Made from a blend of chickpeas, tahini, lemon juice, garlic, and spices, hummus is a healthy and satisfying snack perfect for any occasion. In this recipe, we’ll add a few extra Mediterranean flavors to the mix to create a hummus bursting with flavor. This recipe makes about 10 servings, and each serving contains roughly 130 calories, 6g of protein, 10g of fat, and 5g of carbohydrates.
Ingredients:
- 1 can (15 oz) of chickpeas, drained and rinsed
- 1/4 cup of tahini (160 calories, 16g fat, 5g carbs, 3g protein)
- 1/4 cup of freshly squeezed lemon juice
- 2 garlic cloves, minced
- 1/4 cup of extra virgin olive oil (477 calories, 54g fat, 0g carbs, 0g protein)
- 1/4 cup of water
- 1 tsp of ground cumin
- 1/2 tsp of smoked paprika
- Salt and black pepper to taste
- Optional toppings: chopped fresh parsley, paprika, and a drizzle of olive oil
Instructions:
- In a food processor or blender, combine the chickpeas, tahini, lemon juice, garlic, olive oil, water, cumin, paprika, salt, and black pepper.
- Blend the ingredients until they are smooth and creamy. If the mixture is too thick, add a little more water or olive oil until you reach your desired consistency.
- Taste the hummus and adjust the seasoning as needed.

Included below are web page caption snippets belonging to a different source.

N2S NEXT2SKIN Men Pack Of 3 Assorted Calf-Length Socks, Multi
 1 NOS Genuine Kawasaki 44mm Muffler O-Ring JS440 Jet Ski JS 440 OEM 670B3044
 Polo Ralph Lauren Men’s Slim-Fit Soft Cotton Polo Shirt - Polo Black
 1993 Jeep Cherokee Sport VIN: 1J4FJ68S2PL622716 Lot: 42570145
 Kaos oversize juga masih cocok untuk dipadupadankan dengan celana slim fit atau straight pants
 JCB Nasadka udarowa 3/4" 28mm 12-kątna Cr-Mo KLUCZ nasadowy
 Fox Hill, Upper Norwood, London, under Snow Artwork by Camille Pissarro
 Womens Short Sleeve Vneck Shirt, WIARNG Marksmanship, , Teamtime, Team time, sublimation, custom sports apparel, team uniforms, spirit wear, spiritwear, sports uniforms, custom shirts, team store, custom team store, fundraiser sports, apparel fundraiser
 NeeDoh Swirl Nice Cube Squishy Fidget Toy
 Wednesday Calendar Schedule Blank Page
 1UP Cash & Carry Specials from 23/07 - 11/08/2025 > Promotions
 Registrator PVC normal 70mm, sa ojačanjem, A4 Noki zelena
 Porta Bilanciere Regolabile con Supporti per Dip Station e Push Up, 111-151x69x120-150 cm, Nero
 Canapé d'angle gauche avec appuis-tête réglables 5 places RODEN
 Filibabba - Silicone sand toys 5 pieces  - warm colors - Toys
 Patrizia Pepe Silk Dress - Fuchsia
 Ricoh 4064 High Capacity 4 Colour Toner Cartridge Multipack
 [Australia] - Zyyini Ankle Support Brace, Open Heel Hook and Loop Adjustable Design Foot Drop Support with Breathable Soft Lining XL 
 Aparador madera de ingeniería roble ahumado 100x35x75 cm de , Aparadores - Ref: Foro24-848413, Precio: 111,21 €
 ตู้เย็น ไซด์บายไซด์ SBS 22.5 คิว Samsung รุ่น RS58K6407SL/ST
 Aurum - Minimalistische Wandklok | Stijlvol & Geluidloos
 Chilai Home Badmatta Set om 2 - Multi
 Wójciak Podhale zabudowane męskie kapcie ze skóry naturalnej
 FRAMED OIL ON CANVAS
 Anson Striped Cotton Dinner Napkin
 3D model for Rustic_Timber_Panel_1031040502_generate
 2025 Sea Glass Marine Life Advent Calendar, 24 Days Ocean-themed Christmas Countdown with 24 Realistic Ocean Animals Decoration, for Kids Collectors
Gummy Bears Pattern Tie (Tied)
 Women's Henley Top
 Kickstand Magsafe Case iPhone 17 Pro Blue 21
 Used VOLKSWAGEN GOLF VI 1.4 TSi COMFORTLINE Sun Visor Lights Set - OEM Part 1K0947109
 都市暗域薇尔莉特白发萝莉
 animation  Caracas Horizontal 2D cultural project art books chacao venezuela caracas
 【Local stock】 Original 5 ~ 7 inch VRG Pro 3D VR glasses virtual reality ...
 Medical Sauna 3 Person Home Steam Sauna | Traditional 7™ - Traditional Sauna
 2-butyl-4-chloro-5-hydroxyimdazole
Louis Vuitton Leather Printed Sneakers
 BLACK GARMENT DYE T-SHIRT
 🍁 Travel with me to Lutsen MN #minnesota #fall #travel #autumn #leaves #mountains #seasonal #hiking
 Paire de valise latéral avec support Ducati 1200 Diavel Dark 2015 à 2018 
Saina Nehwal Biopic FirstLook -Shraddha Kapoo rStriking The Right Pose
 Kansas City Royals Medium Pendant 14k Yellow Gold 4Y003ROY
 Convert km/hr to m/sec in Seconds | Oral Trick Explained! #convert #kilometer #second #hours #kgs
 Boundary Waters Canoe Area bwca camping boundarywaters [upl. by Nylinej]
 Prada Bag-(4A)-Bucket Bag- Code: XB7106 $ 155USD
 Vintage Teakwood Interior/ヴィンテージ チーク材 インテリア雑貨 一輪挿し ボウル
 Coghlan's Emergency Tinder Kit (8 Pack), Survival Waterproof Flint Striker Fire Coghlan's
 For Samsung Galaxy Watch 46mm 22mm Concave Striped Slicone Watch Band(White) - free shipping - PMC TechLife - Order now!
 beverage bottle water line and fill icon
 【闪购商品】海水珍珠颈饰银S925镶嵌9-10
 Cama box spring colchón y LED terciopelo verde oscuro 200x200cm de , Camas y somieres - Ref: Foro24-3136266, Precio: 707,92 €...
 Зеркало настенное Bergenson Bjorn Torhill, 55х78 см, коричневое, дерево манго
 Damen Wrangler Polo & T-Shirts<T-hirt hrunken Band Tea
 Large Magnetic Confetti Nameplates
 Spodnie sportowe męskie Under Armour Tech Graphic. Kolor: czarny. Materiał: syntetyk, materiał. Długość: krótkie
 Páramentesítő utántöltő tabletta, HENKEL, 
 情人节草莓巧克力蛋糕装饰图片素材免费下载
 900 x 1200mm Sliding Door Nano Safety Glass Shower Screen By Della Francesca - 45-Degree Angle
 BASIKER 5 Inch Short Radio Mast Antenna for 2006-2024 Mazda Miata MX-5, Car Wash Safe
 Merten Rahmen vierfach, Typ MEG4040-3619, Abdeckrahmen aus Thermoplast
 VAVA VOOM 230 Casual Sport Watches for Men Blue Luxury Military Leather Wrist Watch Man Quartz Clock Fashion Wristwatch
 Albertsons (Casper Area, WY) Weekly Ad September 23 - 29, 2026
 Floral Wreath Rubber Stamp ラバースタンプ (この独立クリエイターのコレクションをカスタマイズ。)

If it’s too sour, add more tahini. If it’s too bland, add more salt or lemon juice.
- Once you’re happy with the taste, transfer the hummus to a serving bowl and drizzle with a little extra olive oil. Sprinkle with chopped parsley and paprika for added flavor and color.
- Serve the hummus with pita bread, veggies, or crackers. Enjoy!
Note: The nutritional information provided is an estimate and may vary based on serving size and specific ingredient brands.